By the time the oil dollars started flowing again around the turn of the century, except for monetising natural gas through the downstream industries at Point Lisas and Atlantic LNG, credits to the technocrats more than the economists, the politicians and the people had learnt no lessons. The gravy train got longer and thicker, with governments doling out dollars like “parsad”, and the new and expanded “kleptocracy”, be-suited bandits closely linked to politicians-in-office, brazenly stealing from the public purse.
Diversification of the economy remained a hackneyed phrase, mouthed to give the impression that some people were thinking outside of the oil-barrel, but never seriously addressed.

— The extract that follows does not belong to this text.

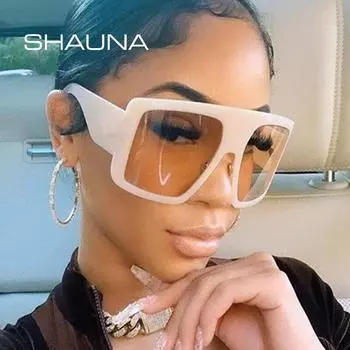 SHAUNA металлические петли в большой оправе квадратные женские солнцезащитные очки модные двойные цвета оправа градиентных оттенков UV400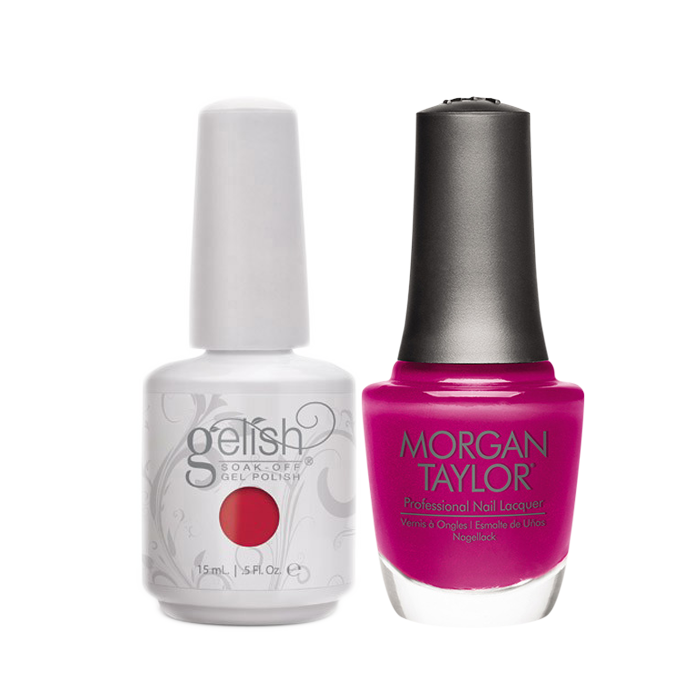 Gelish Gel Polish & Morgan Taylor Nail Lacquer, Warm Up the Car-nation , 0.5oz, 1100030+ 50199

Among the bulk of the business elites, it was always safer to buy manufactured goods cheap from China, mark up and make profits if not profiteer based on demand and supply. And Government, which led the way in the downstream energy industries, made such a mess of the State enterprises, planting square political pegs in round corporate holes, was forced to sell out industrial plants at basement prices, only to see the buyers (Mittal and ISCOTT, CL Energy and the first methanol plant) make fortunes that ought to have boosted the Treasury, not other people’s bottom lines.
Now that we are once more on the edge of the economic abyss, the economists see the solution in harsh, IMF-like measures that will cripple the poor and the middle classes more than other sectors of the society. The elites will bear some pin-pricks—postpone buying another Mercedes, hold off on investing in a $10-million property deal, etc—but the good times will roll on for them.

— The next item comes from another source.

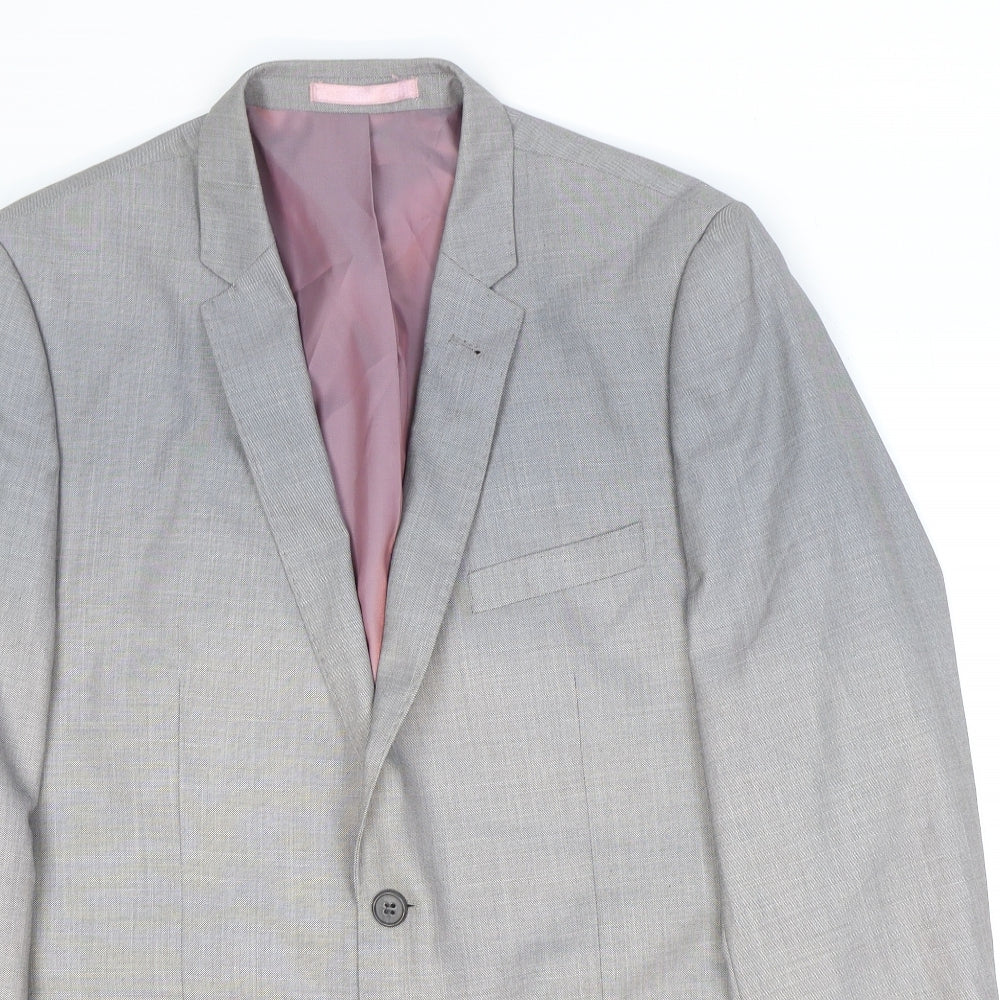 Butler and Webb Mens Grey Polyester Jacket Suit Jacket Size 40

Farrell’s resignation from the EDAB has intensified the “whither Trinidad and Tobago” debate. But in my humble, layman’s view, it has failed to stimulate new perspectives that might steer the ship of state away from turbulence and into waters that might be uncharted, but in a direction that might just allow this tiny country to avert the global hurricane that looms large on the horizon—the titanic clash between the “one percent” and the masses, the war over a more equitable distribution of the wealth of nations.
A good starting point for redirecting the debate is using Mahatma Gandhi’s famous dictum, “The world has enough (resources) for everyone’s needs, but not everyone’s greed.” This is not intended to revive the utopianism of my youthful days when, as young revolutionaries, we pursued the dream of an egalitarian society, something we can still dream of, but realistically, we know is unattainable.

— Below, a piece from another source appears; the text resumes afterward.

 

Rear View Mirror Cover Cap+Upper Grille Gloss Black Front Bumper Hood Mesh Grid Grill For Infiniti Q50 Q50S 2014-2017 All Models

An equitable society, one in which wealth is created and distributed such that the yawning gap between the very wealthy and the mass of people is narrowed, is surely something that we can achieve if only we can believe in ourselves, and if every able-bodied citizen is prepared to contribute.
From this perspective, while increasing GDP is important, and a high per capita GDP is impressive, the economists will agree that as indicators, they tell a misleading story. A few years ago, T&T boasted of a per capita GDP of US $20,000. That was the third highest in the hemisphere, and translated into every four-person household producing the equivalent of TT $500,000 per year.
If 50 percent of that reflected incomes, it meant that the average annual household-income should be approximately $250,000—which we know is way beyond reality. In fact, a decent middle-income family earns less than half of that. So boosting GDP does little to dampen poverty. But it does a whole lot for the “tender-preneurs” (to borrow an Afra Raymond word) and the very wealthy.
The Ghandian approach should guide the restructuring of the economy now that we have yet another opportunity to start afresh, in a manner of speaking. Needs must come before greed or we shall be damned to eat the bread the Devil knead.